● Exercise prompt
Exact reproduction required: the lines below from the line with "ラルカンシェルB棟の洋室" to the line with "Casa De Las", both ends included, and no others.

● The input
----------------------------------------
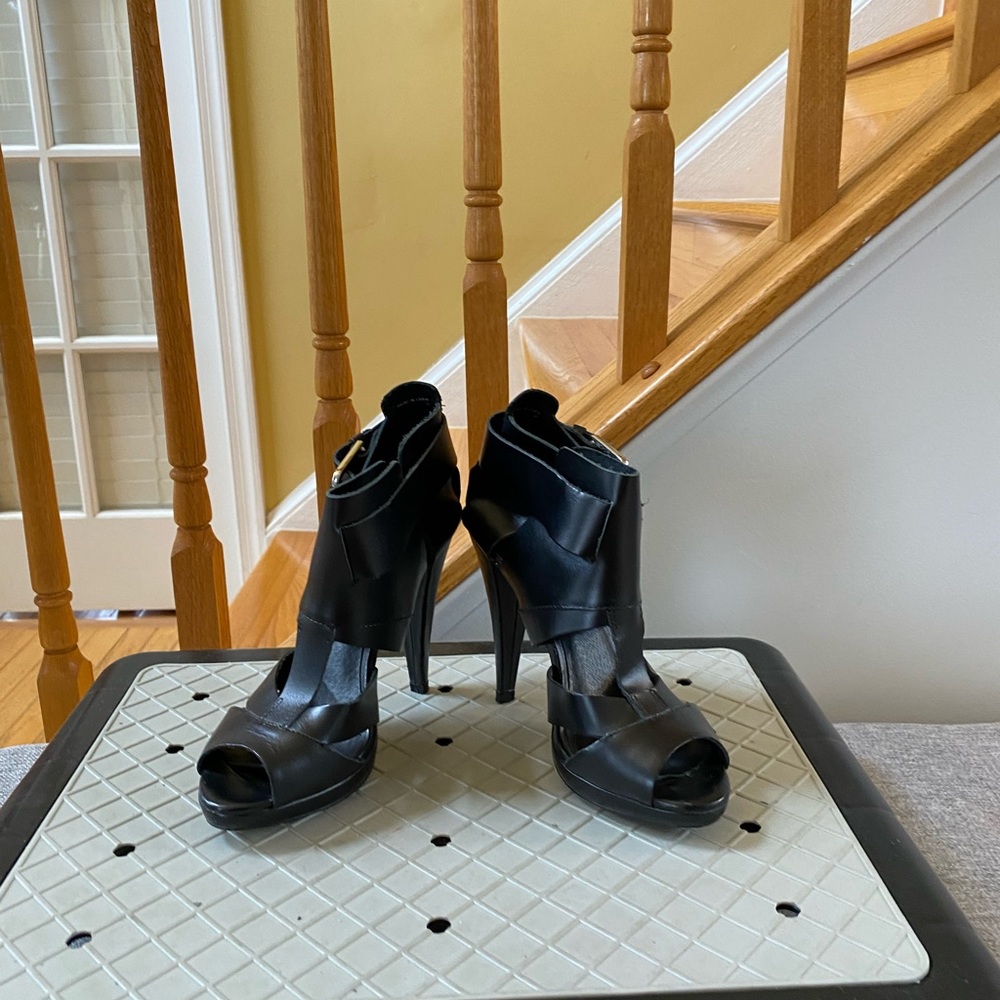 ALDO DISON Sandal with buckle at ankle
----------------------------------------
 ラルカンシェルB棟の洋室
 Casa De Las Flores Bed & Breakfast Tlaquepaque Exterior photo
----------------------------------------
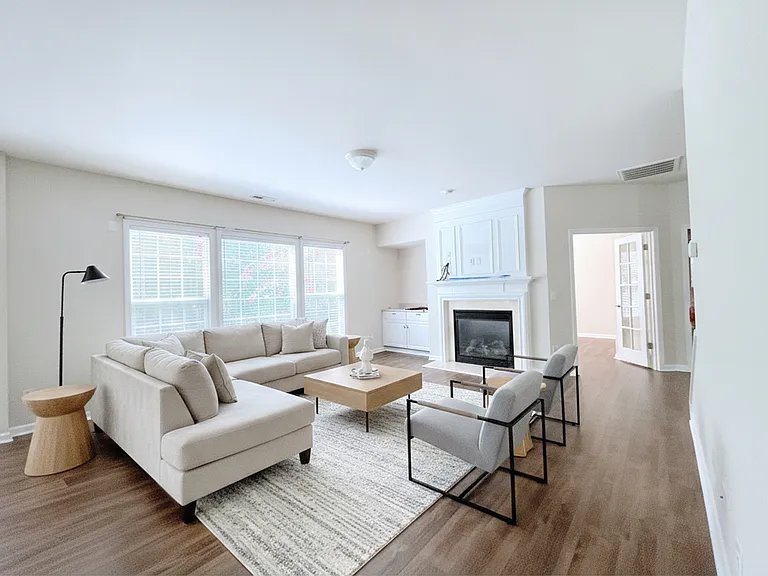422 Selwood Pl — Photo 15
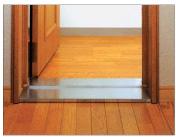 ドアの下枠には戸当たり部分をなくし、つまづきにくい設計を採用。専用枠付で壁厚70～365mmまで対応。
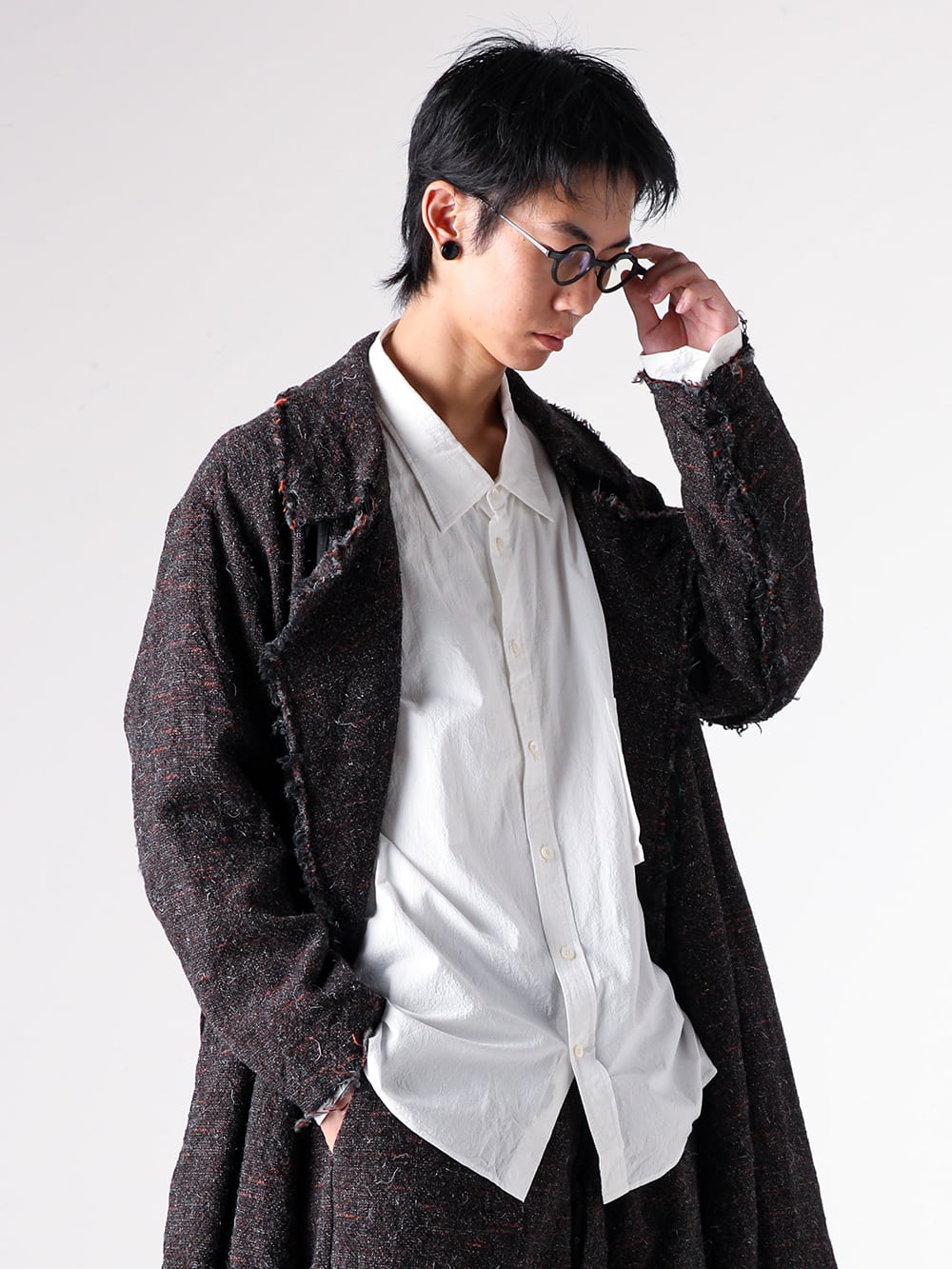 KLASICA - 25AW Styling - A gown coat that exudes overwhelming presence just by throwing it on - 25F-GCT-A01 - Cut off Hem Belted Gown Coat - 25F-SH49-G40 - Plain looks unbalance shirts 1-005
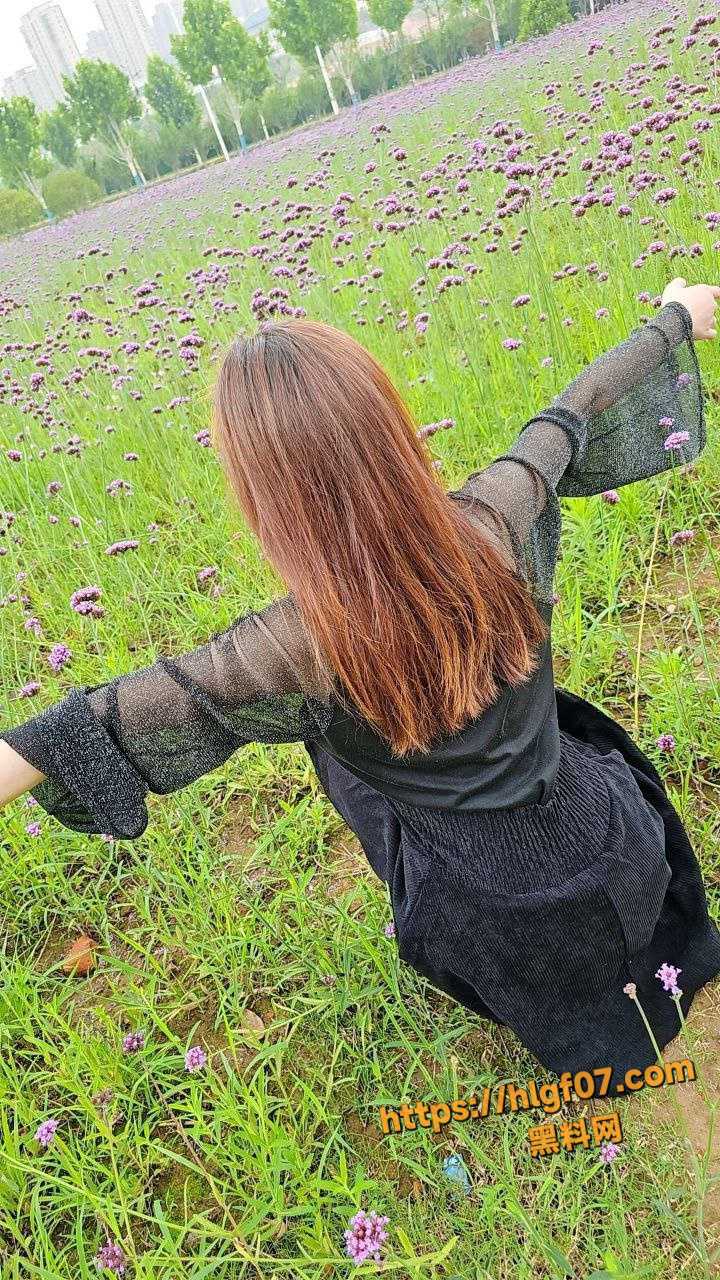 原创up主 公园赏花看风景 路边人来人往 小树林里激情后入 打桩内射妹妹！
----------------------------------------
● Solved problem
 ラルカンシェルB棟の洋室
 Casa De Las Flores Bed & Breakfast Tlaquepaque Exterior photo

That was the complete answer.